Herr Prof. Wörner, dieses Jahr feiert das DLR 100 Jahre Luft- und Raumfahrtforschung in Deutschland. Welches waren die bedeutendsten Erfolge des DLR im vergangenen Jahrhundert?

Wörner: Das lässt sich einfach und geradezu schlicht beantworten: Der bedeutendste Erfolg des DLR ist seine Existenz. Genau: Die Tatsache, dass es in Deutschland und für Deutschland nun ein Jahrhundert lang eine Luft- und Raumfahrteinrichtung gibt (Raumfahrtforschung existiert seit den 1920-er Jahren), in der universitäre Forschung, staatliche Forschung und die Arbeit einer Großforschungseinrichtung institutionell verbunden sind.
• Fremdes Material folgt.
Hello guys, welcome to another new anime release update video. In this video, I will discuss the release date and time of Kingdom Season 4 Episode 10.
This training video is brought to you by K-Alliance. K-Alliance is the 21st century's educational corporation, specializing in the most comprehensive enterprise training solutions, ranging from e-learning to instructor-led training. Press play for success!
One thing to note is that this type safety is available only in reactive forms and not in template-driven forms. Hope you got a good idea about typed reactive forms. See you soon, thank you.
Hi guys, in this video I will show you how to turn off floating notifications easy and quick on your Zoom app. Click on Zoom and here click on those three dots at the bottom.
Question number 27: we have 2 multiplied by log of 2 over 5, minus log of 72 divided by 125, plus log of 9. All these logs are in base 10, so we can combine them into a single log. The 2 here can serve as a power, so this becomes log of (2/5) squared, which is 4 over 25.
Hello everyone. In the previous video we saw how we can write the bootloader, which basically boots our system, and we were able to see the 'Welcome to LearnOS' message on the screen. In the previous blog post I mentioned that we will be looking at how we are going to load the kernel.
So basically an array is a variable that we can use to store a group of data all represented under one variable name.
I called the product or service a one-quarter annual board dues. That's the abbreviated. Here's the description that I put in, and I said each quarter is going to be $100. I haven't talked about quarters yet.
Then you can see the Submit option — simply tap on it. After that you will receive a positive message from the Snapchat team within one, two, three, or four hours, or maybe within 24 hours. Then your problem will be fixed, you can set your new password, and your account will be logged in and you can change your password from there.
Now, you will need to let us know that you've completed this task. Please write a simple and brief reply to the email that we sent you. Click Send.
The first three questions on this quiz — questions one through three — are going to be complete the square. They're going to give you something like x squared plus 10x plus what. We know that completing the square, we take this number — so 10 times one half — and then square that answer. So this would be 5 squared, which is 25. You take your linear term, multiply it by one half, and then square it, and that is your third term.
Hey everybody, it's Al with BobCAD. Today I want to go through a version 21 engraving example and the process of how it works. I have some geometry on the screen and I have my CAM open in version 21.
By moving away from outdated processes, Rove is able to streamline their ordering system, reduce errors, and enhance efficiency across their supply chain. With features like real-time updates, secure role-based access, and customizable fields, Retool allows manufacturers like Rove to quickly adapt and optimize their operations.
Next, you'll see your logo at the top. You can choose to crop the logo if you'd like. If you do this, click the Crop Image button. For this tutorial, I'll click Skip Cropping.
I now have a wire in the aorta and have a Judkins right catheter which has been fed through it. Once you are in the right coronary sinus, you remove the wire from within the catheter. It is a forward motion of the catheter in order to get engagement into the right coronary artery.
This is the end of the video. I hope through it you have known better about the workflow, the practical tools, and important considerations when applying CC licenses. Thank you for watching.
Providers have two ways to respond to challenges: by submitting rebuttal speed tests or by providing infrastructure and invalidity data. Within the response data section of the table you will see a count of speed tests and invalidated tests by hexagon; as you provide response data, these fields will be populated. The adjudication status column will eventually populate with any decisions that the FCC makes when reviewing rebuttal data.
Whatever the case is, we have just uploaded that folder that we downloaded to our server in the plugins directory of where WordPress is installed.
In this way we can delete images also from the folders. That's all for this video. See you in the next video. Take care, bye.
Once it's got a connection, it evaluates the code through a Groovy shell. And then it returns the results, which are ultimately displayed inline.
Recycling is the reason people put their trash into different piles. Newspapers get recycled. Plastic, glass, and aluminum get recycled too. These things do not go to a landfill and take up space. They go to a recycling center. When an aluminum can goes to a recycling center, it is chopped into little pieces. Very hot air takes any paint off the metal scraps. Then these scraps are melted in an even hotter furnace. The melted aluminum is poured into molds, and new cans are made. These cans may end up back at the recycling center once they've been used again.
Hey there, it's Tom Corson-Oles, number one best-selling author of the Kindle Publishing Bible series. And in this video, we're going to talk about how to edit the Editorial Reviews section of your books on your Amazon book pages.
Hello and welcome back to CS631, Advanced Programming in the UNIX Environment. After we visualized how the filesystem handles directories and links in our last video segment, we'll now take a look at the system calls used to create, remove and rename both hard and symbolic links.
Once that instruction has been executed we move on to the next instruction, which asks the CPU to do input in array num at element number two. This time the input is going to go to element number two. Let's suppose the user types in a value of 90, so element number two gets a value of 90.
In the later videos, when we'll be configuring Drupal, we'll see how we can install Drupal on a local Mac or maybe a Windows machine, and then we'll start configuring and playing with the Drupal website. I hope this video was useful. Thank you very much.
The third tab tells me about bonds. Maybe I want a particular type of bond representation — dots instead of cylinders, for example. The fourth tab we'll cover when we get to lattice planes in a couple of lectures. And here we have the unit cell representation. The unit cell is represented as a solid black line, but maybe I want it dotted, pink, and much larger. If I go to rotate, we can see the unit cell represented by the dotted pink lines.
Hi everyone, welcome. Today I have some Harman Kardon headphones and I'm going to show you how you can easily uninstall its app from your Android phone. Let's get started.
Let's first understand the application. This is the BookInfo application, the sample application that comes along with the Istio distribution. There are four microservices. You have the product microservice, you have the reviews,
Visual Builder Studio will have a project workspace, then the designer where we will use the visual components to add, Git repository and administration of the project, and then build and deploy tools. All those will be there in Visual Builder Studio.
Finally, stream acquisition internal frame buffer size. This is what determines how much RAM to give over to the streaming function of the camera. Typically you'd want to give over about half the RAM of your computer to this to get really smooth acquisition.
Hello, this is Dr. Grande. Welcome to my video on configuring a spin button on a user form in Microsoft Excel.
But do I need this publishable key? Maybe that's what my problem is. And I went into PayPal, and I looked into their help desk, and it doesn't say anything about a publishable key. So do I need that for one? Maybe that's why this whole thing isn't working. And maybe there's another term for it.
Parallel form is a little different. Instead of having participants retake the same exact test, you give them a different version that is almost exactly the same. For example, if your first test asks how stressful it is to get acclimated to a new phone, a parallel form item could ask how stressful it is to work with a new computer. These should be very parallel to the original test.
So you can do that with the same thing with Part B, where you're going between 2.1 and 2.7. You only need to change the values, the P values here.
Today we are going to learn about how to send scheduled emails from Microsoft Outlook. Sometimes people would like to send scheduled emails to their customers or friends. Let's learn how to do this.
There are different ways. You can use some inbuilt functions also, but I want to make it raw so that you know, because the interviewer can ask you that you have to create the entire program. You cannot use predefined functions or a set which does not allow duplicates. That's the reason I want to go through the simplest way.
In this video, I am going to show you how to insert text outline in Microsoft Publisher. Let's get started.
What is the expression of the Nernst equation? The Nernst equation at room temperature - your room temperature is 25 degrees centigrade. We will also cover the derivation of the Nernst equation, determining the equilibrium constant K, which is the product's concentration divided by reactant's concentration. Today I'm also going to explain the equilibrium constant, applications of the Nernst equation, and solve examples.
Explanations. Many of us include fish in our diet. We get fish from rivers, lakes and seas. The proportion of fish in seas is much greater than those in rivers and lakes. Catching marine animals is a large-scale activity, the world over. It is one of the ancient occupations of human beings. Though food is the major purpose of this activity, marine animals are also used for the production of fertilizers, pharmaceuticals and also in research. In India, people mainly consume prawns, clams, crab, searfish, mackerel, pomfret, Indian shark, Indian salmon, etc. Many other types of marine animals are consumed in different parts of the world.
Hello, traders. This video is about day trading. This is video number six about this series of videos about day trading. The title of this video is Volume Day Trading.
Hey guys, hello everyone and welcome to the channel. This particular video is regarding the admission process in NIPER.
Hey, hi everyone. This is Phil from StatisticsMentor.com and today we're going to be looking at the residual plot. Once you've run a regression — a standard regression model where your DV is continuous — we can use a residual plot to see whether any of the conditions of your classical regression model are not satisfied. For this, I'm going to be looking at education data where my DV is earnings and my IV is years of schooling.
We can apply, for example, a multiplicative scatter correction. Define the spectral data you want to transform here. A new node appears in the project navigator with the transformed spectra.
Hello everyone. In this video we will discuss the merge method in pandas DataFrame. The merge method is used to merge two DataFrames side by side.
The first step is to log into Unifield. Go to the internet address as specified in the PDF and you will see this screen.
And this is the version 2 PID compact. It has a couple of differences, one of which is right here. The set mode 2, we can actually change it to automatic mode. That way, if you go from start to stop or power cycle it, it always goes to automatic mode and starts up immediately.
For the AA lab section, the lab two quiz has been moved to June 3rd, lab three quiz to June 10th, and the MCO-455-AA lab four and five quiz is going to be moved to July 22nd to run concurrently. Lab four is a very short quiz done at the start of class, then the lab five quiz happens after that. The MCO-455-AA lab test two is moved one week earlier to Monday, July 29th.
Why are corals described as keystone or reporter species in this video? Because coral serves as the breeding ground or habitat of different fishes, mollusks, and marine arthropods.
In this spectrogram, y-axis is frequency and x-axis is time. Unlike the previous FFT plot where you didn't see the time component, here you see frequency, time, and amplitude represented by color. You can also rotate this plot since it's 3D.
Wo bitte auf der Welt gibt es das sonst noch mit so langer Tradition?

In Deutschland hält das aber nicht nur bereits ein Jahrhundert: Die deutsche Luft- und Raumfahrtforschung hat auch fünf verschiedene Regierungsformen überdauert. Vom Kaiserreich über Weimar, zwei Diktaturen bis hin zur geeinten Republik – das steht auch für die Demokratisierung der Forschung.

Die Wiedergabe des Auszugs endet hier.